Bulk Insert: How to Work With Bulk Insert Operation
-
BulkInsertis useful when inserting a large quantity of data from the client to the server. -
It is an optimized time-saving approach with a few limitations like the possibility that interruptions will occur during the operation.
-
In this page:
Quick example
Open a bulk insert from the document store and store entities through it.
Each Store call is buffered and streamed to the server in batches; the operation finalizes
when the bulk insert is disposed.
using (BulkInsertOperation bulkInsert = store.BulkInsert())
{
foreach (var employee in employees)
{
bulkInsert.Store(employee);
}
}
For the full set of BulkInsert overloads and their parameters, see the
Syntax
section at the end of this page.
BulkInsertOperation
The following methods can be used when creating a bulk insert.
Methods
| Signature | Description |
|---|---|
| void Abort() | Abort the operation |
| string Store(object entity, IMetadataDictionary metadata = null) | Store the entity, identifier will be generated automatically on client-side. Optional, metadata can be provided for the stored entity. |
| void Store(object entity, string id, IMetadataDictionary metadata = null) | Store the entity, with id parameter to explicitly declare the entity identifier. Optional, metadata can be provided for the stored entity. |
| Task<string> StoreAsync(object entity, IMetadataDictionary metadata = null) | Store the entity in an async manner, identifier will be generated automatically on client-side. Optional, metadata can be provided for the stored entity. |
| Task StoreAsync(object entity, string id, IMetadataDictionary metadata = null) | Store the entity in an async manner, with id parameter to explicitly declare the entity identifier. Optional, metadata can be provided for the stored entity. |
| void Dispose() | Dispose of an object |
| ValueTask DisposeAsync() | Dispose of an object in an async manner |
Limitations
- BulkInsert is designed to efficiently push large volumes of data.
Data is therefore streamed and processed by the server in batches.
Each batch is fully transactional, but there are no transaction guarantees between the batches, and the operation as a whole is non-transactional.
If the bulk insert operation is interrupted mid-way, some of your data might be persisted on the server while some of it might not.- Make sure that your logic accounts for the possibility of an interruption that would cause some of your data not to persist on the server yet.
- If the operation was interrupted and you choose to re-insert the whole dataset in a
new operation, you can set
SkipOverwriteIfUnchanged
to
trueso the operation overwrites existing documents only if they changed since the last insertion. - If you need full transactionality, using a
session
may be a better option.
Note that if a session is used, all of the data is processed in a single transaction, so the server must have sufficient resources to handle the entire data set included in the transaction.
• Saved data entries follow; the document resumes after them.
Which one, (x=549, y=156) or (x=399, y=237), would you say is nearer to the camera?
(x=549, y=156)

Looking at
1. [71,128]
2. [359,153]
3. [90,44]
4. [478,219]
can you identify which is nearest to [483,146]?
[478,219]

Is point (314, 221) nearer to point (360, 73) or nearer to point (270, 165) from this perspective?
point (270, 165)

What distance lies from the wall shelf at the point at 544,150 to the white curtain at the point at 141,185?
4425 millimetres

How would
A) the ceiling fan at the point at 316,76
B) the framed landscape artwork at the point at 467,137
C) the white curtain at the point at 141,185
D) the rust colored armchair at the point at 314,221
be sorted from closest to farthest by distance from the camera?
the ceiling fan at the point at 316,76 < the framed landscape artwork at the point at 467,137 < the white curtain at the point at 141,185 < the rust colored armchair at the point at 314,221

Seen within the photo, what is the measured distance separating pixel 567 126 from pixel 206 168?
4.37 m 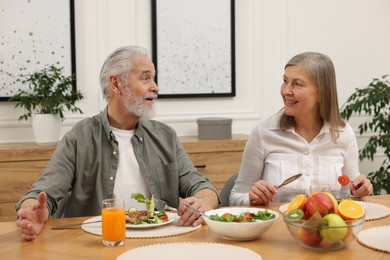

- Bulk insert is not thread-safe.
A single bulk insert should not be accessed concurrently.- Using multiple bulk inserts concurrently on the same client is supported.
- Usage in an async context is also supported.
Example
Create bulk insert
Here we create a bulk insert operation and insert a million documents of type Employee:
- sync
- async
using (BulkInsertOperation bulkInsert = store.BulkInsert())
{
for (int i = 0; i < 1000 * 1000; i++)
{
bulkInsert.Store(new Employee
{
FirstName = "FirstName #" + i,
LastName = "LastName #" + i
});
}
}
BulkInsertOperation bulkInsert = null;
try
{
bulkInsert = store.BulkInsert();
for (int i = 0; i < 1000 * 1000; i++)
{
await bulkInsert.StoreAsync(new Employee
{
FirstName = "FirstName #" + i,
LastName = "LastName #" + i
});
}
}
finally
{
if (bulkInsert != null)
{
await bulkInsert.DisposeAsync().ConfigureAwait(false);
}
}
BulkInsertOptions
The following options can be configured for BulkInsert.
CompressionLevel
| Value | Type | Description |
|---|---|---|
| Optimal | CompressionLevel | Compression level to be used when compressing static files. |
| Fastest (Default) | CompressionLevel | Compression level to be used when compressing HTTP responses with GZip or Deflate. |
| NoCompression | CompressionLevel | Does not compress. |
SkipOverwriteIfUnchanged
Use this option to avoid overriding documents when the inserted document and the existing one are similar.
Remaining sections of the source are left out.